Al termine dell’ultima lezione, sono stati consegnati gli attestati di partecipazione al corso di yoga. Di seguito riporto alcuni dei commenti che hanno condiviso nel questionario conclusivo del corso:

“La pratica dello yoga mi ha guidato verso una riconciliazione con me stesso e con il mondo. Grazie alle lezioni di Monica, sto imparando l’arte del respiro e la gestione delle emozioni, ciò mi aiuta a affrontare le giornate più difficili e intense emotivamente.”

“L’incontro settimanale con Monica rappresenta un’occasione di evasione dalla complessità della vita quotidiana. Spero davvero che questa esperienza possa ripetersi in futuro, poiché ci ha beneficiato in tutti i modi possibili, sia fisicamente che psicologicamente.”

“Da sempre ho nutrito una passione per la spiritualità e il contatto umano, ed è per questo che lo yoga è stata un’esperienza estremamente positiva per me.”

“Attraverso lo yoga, ho sentito emergere la mia spiritualità più intima e ho ottenuto un benessere psicofisico che non avevo mai sperimentato prima.”

Per un periodo di tre mesi, abbiamo riservato due ore ogni settimana per esplorare il potenziale del respiro come strumento di autoregolazione, ovvero la capacità di mitigare le emozioni mentre si manifestano. Abbiamo dedicato tempo all’esplorazione degli āsana (posizioni) e della meditazione al fine di coltivare l’auto-osservazione. Nel corso delle sessioni, le espressioni sui volti dei partecipanti sono passate da scetticismo a apertura e curiosità. Durante le pratiche yogiche, alcuni partecipanti hanno condiviso le proprie storie o posto interrogativi relativi agli insegnamenti dello yoga, ai concetti coinvolti e agli aspetti etici e morali.

Insegnare lo yoga in carcere è un’opportunità per trasmettere benefici significativi alle persone detenute. Di seguito una lista di consigli per chiunque voglia intraprendere questa esperienza:

  • Prima di insegnare lo yoga in carcere, dedicati a una ricerca approfondita per comprendere il contesto carcerario. Questa conoscenza ti aiuterà a rispettare le regole e le restrizioni della struttura.

  • Considera sempre le diverse capacità delle allieve e degli allievi presenti. Crea lezioni adattabili e inclusive, in modo che tutte le persone presenti possano partecipare e trarre beneficio dalla pratica.

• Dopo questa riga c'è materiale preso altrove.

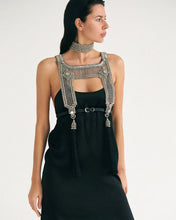 Woman wearing a black dress with silver beaded top and matching choker necklaces on white background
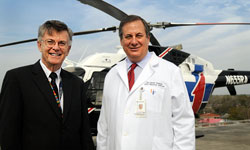 Image: Joseph Tepas III, M.D., UF professor and chief of pediatric surgery, and David Vukich, M.D., FACEP, UF professor of emergency medicine, stand before a helicopter that bears the initials of the late Raymond Alexander, M.D., considered by many to be the father of Florida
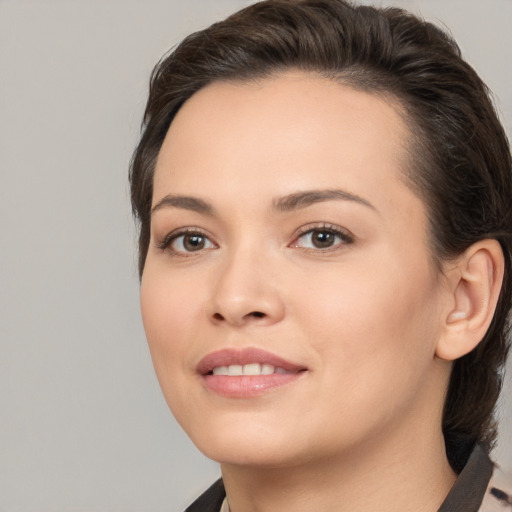 Joyful white young-adult female with medium  brown hair and brown eyes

  • Per creare un ambiente tranquillo e rilassante, puoi accompagnare la tua classe con musica o frequenze sonore adatte alla pratica dello yoga. Questo può aiutare gli/le partecipanti a concentrarsi e a connettersi con sé stessi.

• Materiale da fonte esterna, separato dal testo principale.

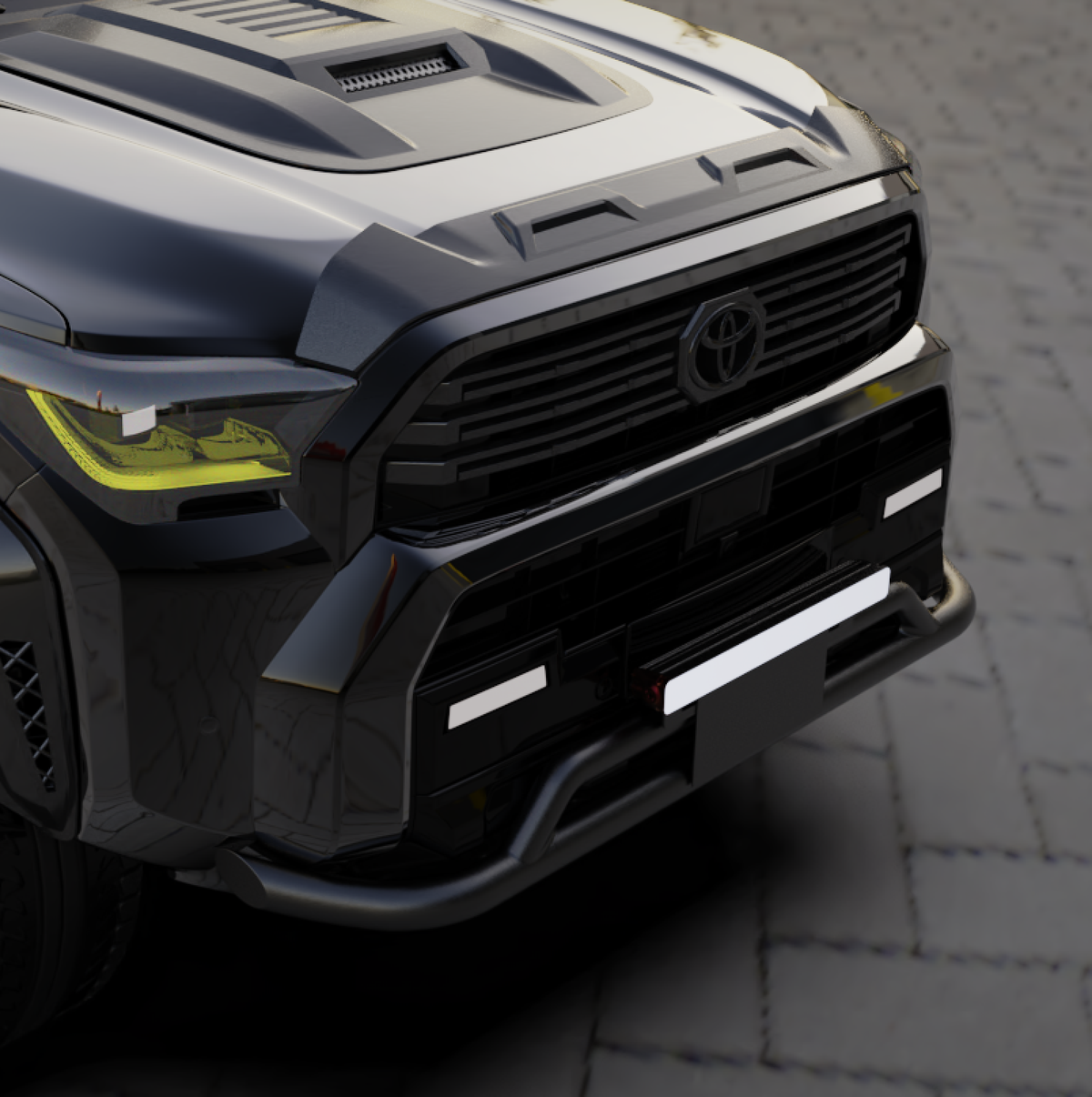 Close-up of a black Toyota 4x4 with a customized front grille and bumper protection.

  • Mostra empatia, comprensione, accoglienza per la diversità culturale e di religione. Non forzare mai una persona a praticare se in quel momento non si sente a proprio agio.

  • Sii aperto/a all’ascolto durante le lezioni. Le persone detenute potrebbero avere bisogno di condividere le proprie esperienze e preoccupazioni, e tu puoi essere una figura di supporto per loro.

  • Incoraggia l’autonomia nella pratica dello yoga. Aiuta le detenute e i detenuti a sviluppare una maggiore consapevolezza di sé stessi/e e delle loro capacità, in modo che possano portare la pratica anche al di fuori delle lezioni.

  • Affidati al tuo istinto e alla tua sensibilità nell’insegnamento. Lasciati guidare dal cuore senza nessun giudizio e crea un ambiente di sostegno e crescita per i tuoi allievi e le tue allieve.

  • Non dimenticare di ringraziare i/le partecipanti per la fiducia che ripongono in te e per l’impegno che dedicano alla pratica. La gratitudine è una forma preziosa di riconoscimento.

Insegnare lo yoga in carcere richiede pazienza, empatia e comprensione. La dedizione dell’insegnante può contribuire a trasformare il loro percorso di reinserimento nella società e favorire il benessere fisico e mentale durante il tempo trascorso in prigione.

Ringrazio la dottoressa Marilena Capuzzimati, promotrice del progetto Yoga in Carcere, la direttrice del carcere di Bellizzi Irpino Concetta Felaco che ha permesso la realizzazione del progetto, la dottoressa Maria Cristina Tedeschi, mediatrice culturale e guida nel progetto. Ringrazio profondamente le detenute e i detenuti per la loro fiducia. NAMASTÉ!